Le nouveau rapport d’évaluation publié par la Commission européenne concernant la directive sur les pratiques commerciales déloyales (UTP) est sans équivoque : la législation actuelle ne protège toujours pas suffisamment les agriculteurs. L’European Milk Board asbl (EMB) se félicite vivement de l’intention de la Commission de réviser la directive afin de renforcer la position des producteurs dans la chaîne d’approvisionnement alimentaire.
Résultats du rapport : Quelques progrès, mais insuffisants
Selon l’analyse de la Commission européenne :
Il n’est pas encore établi que les pratiques commerciales déloyales aient nettement diminué depuis la mise en œuvre de la directive, même si certaines données indiquent des améliorations concernant, par exemple, les retards de paiement.
Les États membres ont désigné des autorités chargées du contrôle et engagé les premières sanctions.
Mais des lacunes structurelles importantes subsistent : de nombreux producteurs connaissent mal leurs droits et renoncent à déposer une plainte par crainte de représailles ou d’éventuelles conséquences négatives.
Pourquoi une révision de la directive UTP est indispensable
L’analyse de la Commission montre que, si la directive UTP fournit une base, elle ne suffit pas à protéger efficacement les agriculteurs contre les pratiques déloyales.
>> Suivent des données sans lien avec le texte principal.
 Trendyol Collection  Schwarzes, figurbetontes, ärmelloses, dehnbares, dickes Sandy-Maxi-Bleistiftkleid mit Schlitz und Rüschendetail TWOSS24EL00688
Le déséquilibre structurel entre les producteurs, d’une part, et les grandes entreprises de transformation ou de distribution, d’autre part, demeure inchangé.
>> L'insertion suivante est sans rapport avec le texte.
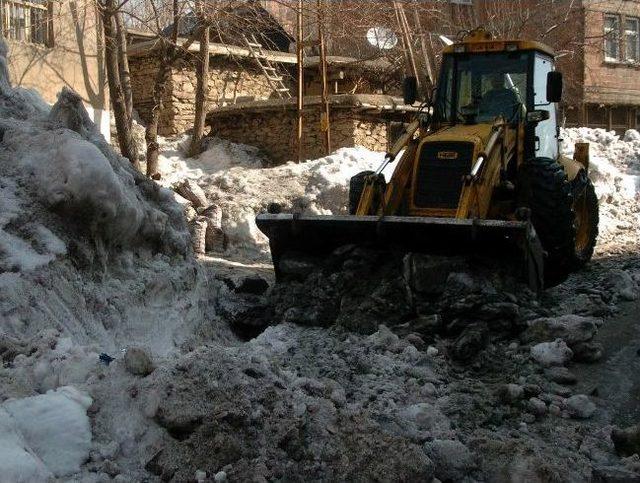 Hakkari’de Kar Temizleme Çalışmaları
La révision annoncée — accompagnée d’une analyse d’impact approfondie — constitue donc une étape essentielle. Cette réforme doit permettre de combler les importantes lacunes encore existantes. L’EMB salue le fait que la Commission souhaite examiner ces problématiques de manière approfondie et évaluer différentes options possibles.
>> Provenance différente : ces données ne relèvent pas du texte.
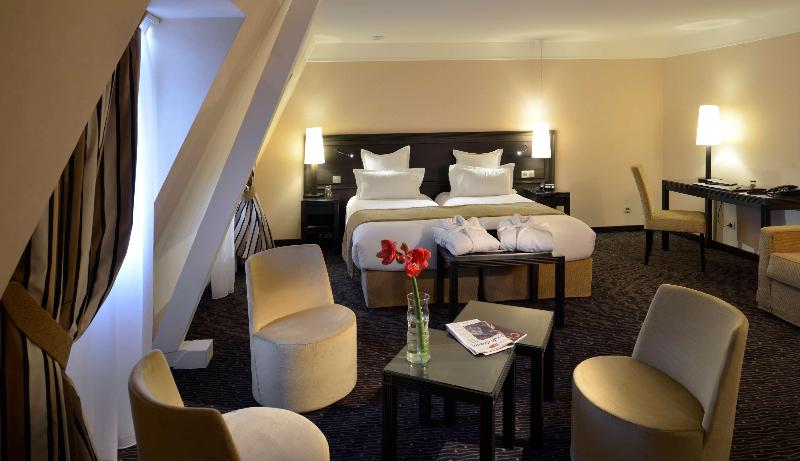 اتاق استاندارد سه نفره, Rhm Luxury Hotel And Suite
Les demandes de l’EMB pour la révision
Pour garantir une réforme véritablement efficace, l’EMB demande l’intégration des éléments suivants :
1. Interdiction au niveau européen de prix payés aux producteurs inférieurs aux coûts de production
Seul un cadre juridique clair et contraignant — basé sur les coûts complets, y compris un revenu équitable — peut empêcher que les producteurs soient systématiquement contraints de vendre à perte, mettant en danger la viabilité économique de tout le secteur.
2. Intégration de la proposition législative de l’EMB
L’EMB a élaboré une proposition détaillée pour modifier la législation en ce sens. Ce texte constitue une solution pratique à laquelle la Commission devrait se référer. Proposition EMB.
3. Renforcement de l’application et du contrôle
Les règles révisées doivent prévoir des sanctions claires, des obligations de transparence, une protection robuste des lanceurs d’alerte et des procédures efficaces afin que les producteurs puissent porter plainte sans risque réel et que les pratiques déloyales diminuent véritablement.
4. Mise en place d’un cadre de marché stable
Une directive UTP renforcée doit permettre de créer un environnement de marché équitable, d’éviter le dumping chronique sur les prix et d’assurer l’avenir de la production laitière en Europe.
Le rapport d’évaluation de la Commission confirme clairement la nécessité d’agir. La révision annoncée de la directive UTP représente une opportunité cruciale pour remédier aux faiblesses structurelles du secteur alimentaire. L’EMB appelle les décideurs européens à saisir cette occasion — pour renforcer les droits des producteurs et garantir une alimentation durable et équitable en Europe.